Now all this could have been avoided. The so called ‘small government’ tea partiers at any time could have dug their heels in and put their money where their mouth is – but as I noted in November of last year, that was not going to happen; nor did it. Driving this mess is a slew of big government supporters who to this day still refuse to even admit to any of this. Sure you have Krugman and a few others use the same nonsensical arguments over and over in support of big government that fail to take all factors into account from start to finish (though Tom Woods of Robert Murphy are far better at rebutting them then I am), but no real sound reasoning in support of big government.

So here are the problems that the nation faces right now, and they are not going away. Sadly enough, they will be getting exponentially worse until government spends itself into a quicksand of debt that there is no escaping from.
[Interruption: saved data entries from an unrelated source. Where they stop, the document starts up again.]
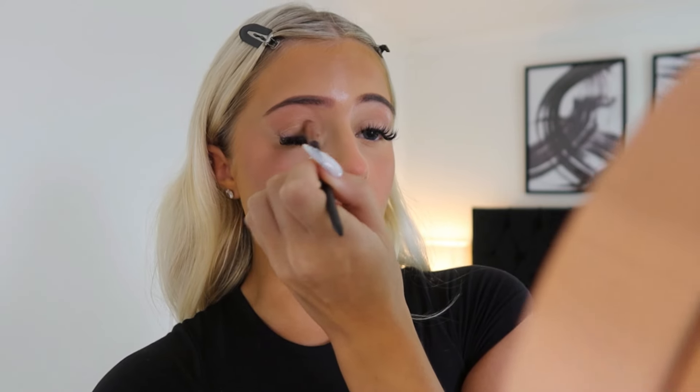Oh my god, I forgot eyeshadow! For eyeshadow I just go in with a brush — it's very dirty so we're ignoring that — and I go into my bronzer because I like to use the same shades so my face is all kind of matching. I just apply that on the lid. You probably won't be able to tell on camera but in person it makes such a difference, then vice versa on the other side. Because the bronzer has some shimmer in it, it just looks really nice and natural — when it's not, obviously.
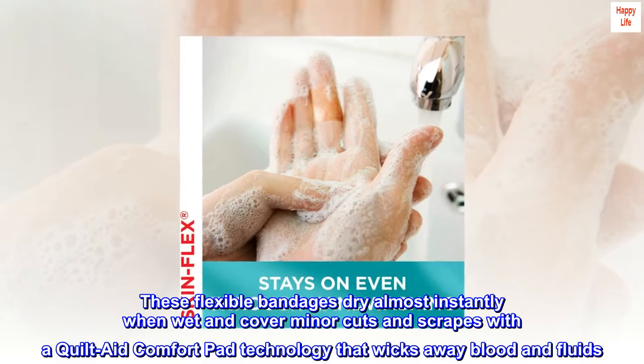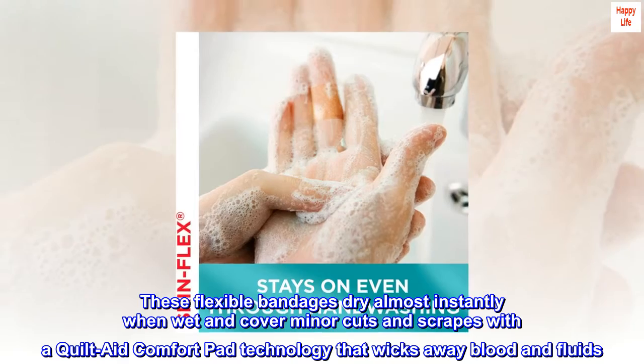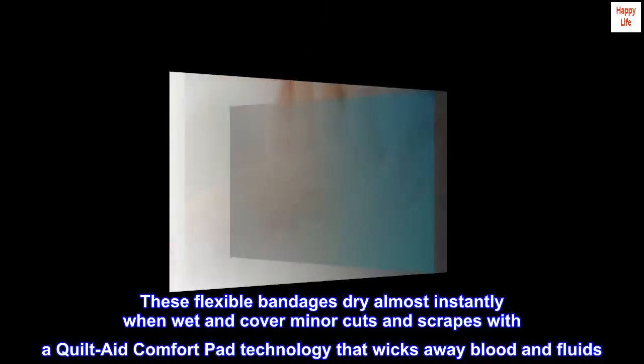These flexible bandages dry almost instantly when wet and cover minor cuts and scrapes with a quilt aid comfort pad technology that wicks away blood and fluids.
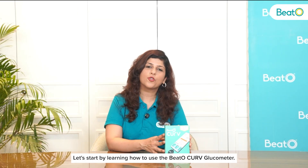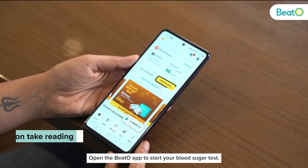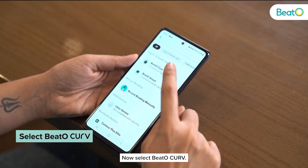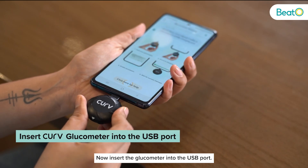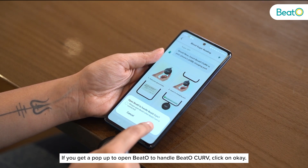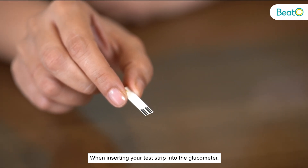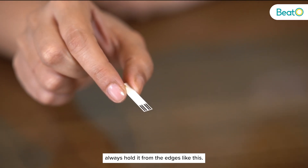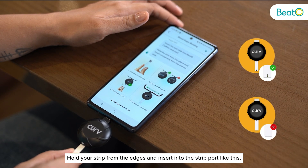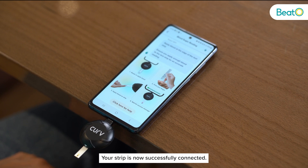Let's start by learning how to use the Beto Curve Glucometer. Open the Beto app. To start your blood sugar test click on 'Take Reading,' then select Beto Curve. Now insert the glucometer into the USB port. If you get a pop-up to open Beto to handle Beto Curve, click on OK. Now we're ready to insert the strip — when inserting your test strip into the glucometer always hold it from the edges and insert it into the strip port.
On the flip side it needs to be noted that the US treasuries would have been downgraded regardless of what our govt did. All raising the debt ceiling did was make the matter worse by increasing expenditures.

Sources:

http://www.standardandpoors.com/servlet/BlobServer?blobheadername3=MDT-Type&blobcol=urldata&blobtable=MungoBlobs&blobheadervalue2=inline%3B+filename%3DUS_Downgraded_AA%2B.pdf&blobheadername2=Content-Disposition&blobheadervalue1=application%2Fpdf&blobkey=id&blobheadername1=content-type&blobwhere=1243942957443&blobheadervalue3=UTF-8

http://www.treasurydirect.gov/RI/OFBills  and http://www.treasurydirect.gov/RI/OFNtebnd – note the interest rates on the bonds – would you buy those for your personal portfolio? Also, by clicking on the links you can find the exact details on the bonds sold/redeemed of that type.